Stephen Porter, a professor in the College of Education at North Carolina State University (NCSU), is an outspoken critic of the growth of the “Diversity, Equity, and Inclusion” (DEI) bureaucracies at American universities. In particular, Porter has been increasingly critical of what he sees as universities’ prioritization of DEI over academic rigor.
In recent years, Porter expressed these concerns both within and outside of his university. In addition to publishing a blog that referred to a popular higher-education conference as a “woke joke,” Porter expressed concern within his department about the addition of a diversity question to student course evaluations and about NCSU’s rush to hire a minority candidate with a troubling background.

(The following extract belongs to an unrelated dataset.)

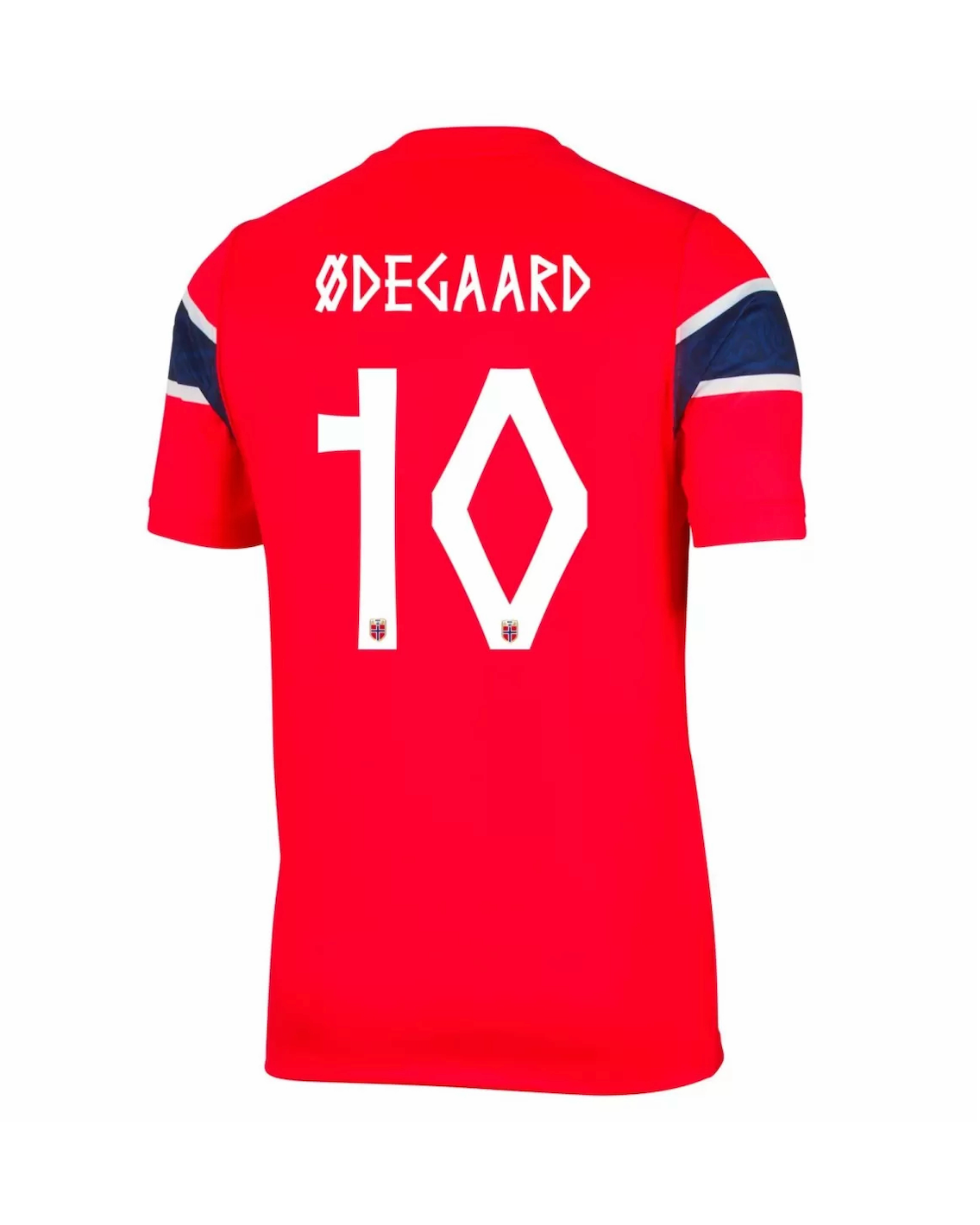 Ødegaard #10 Norway Football Jersey Home Custom Shirt 2026 World Cup Edition in Red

As Porter grew more vocal, NCSU slowly reduced his role within his department in a way that compromised his ability to perform core functions of his job, such as advising Ph.D. students.
In September 2021, Porter filed a federal lawsuit against NCSU in North Carolina, alleging that NCSU retaliated against him for engaging in constitutionally protected speech. After the lower court dismissed his case, he appealed to the U.S. Court of Appeals for the Fourth Circuit.

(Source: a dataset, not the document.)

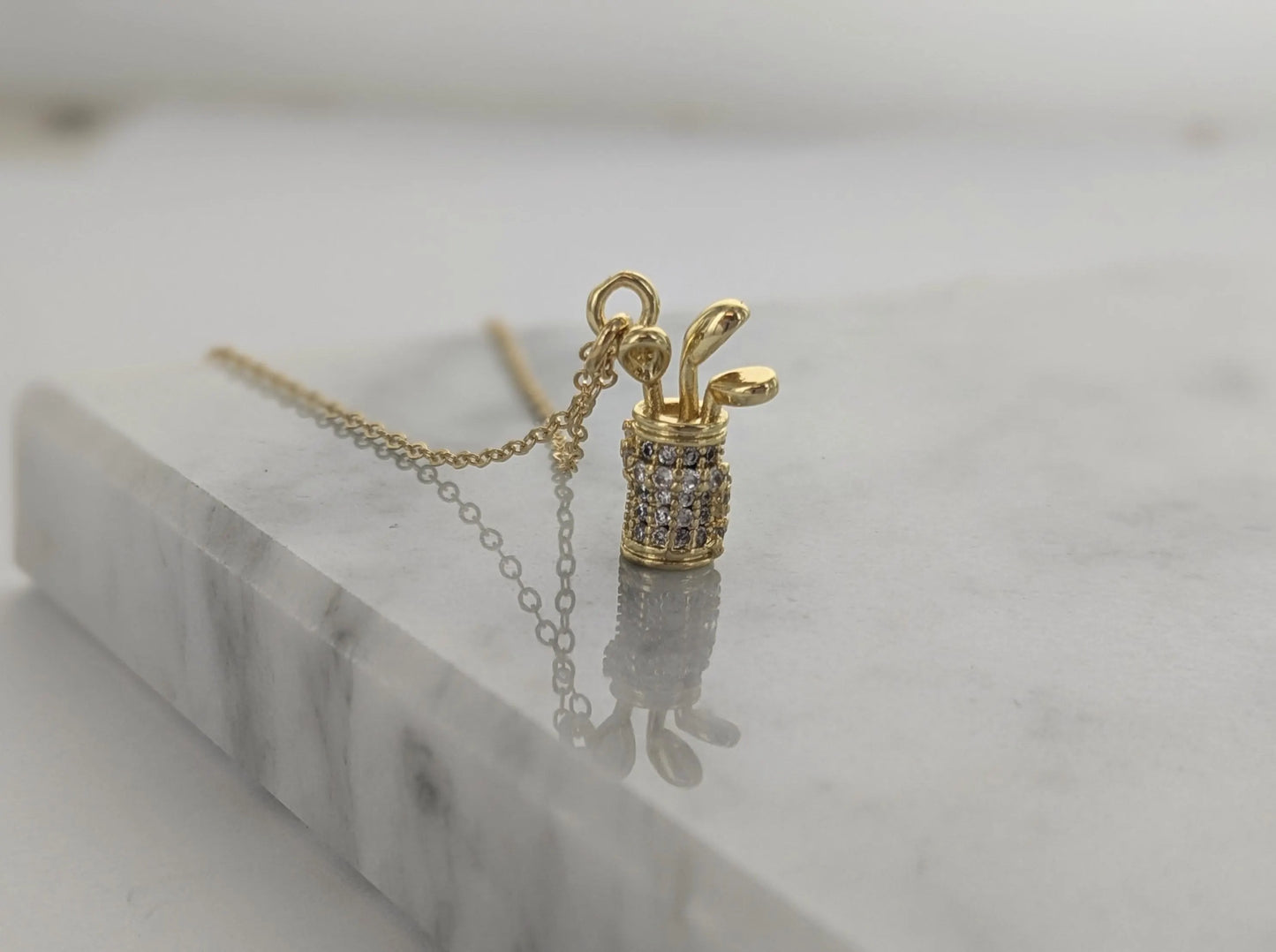 Golf Necklace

In a 2-1 decision, the Fourth Circuit ruled against Porter, finding that his criticisms of DEI within his department were not protected by the First Amendment because they were made pursuant to his employment. With regard to the “woke joke” blog posted to his personal website, the majority reluctantly conceded that it was protected speech, but held that Porter hadn’t shown a sufficient connection between the blog post and NCSU’s adverse employment actions.
In a blistering dissent, Judge Julius Richardson accused his colleagues on the bench of developing “a new ‘bad man’ theory of the law: identify the bad man; he loses.” Richardson argued that even though Porter made some of his criticisms in the workplace, they should still receive constitutional protection because these criticisms were not part of his job duties; rather, he was sharing his views as a private citizen on a matter of public concern.

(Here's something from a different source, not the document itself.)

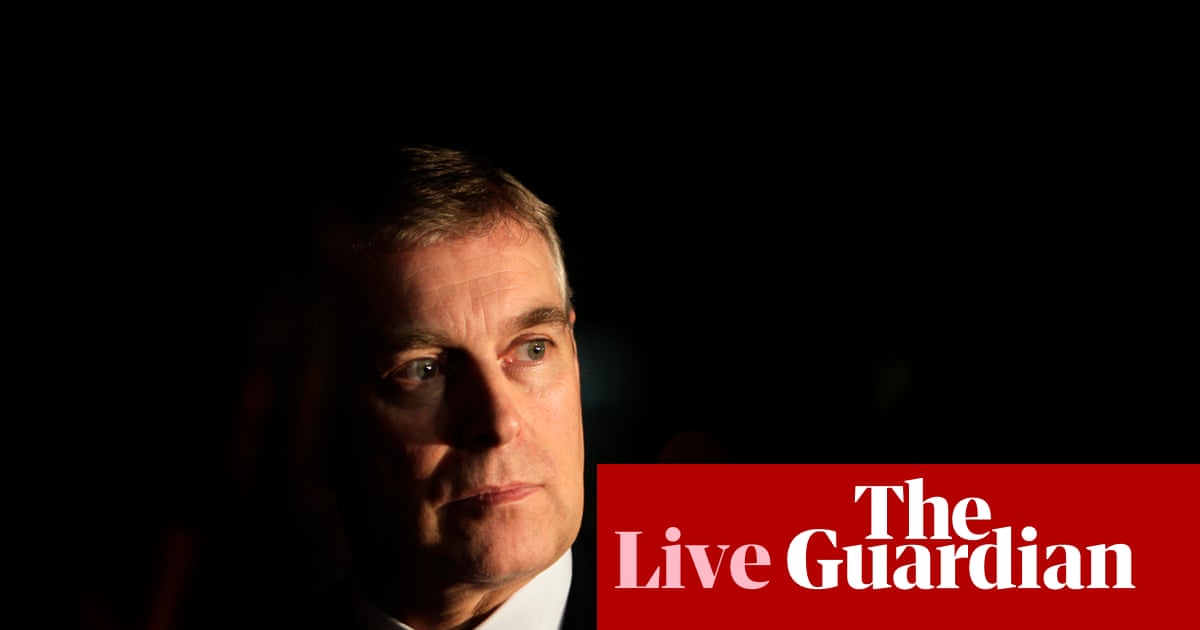 King should decide if laws are needed to remove Prince Andrew’s dukedom, minister suggests – UK politics live | Politics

This is an area of the law where the Supreme Court has left significant ambiguity. It has long been established that the government has greater leeway to restrict the speech of its employees than it has to restrict the speech of citizens at large; nevertheless, public employees cannot be subjected to adverse employment actions for comments made as private citizens on matters of public concern. Pickering v. Bd. of Educ., 391 U.S. 563 (1968).
In 2006, however, the Supreme Court narrowed its protection of public employees’ free speech rights in Garcetti v. Ceballos, where it held that when a public employee’s speech is made pursuant to his or her job duties, it is not entitled to First Amendment protection, even when it relates to a matter of public concern. Garcetti v. Ceballos, 547 U.S. 410 (2006).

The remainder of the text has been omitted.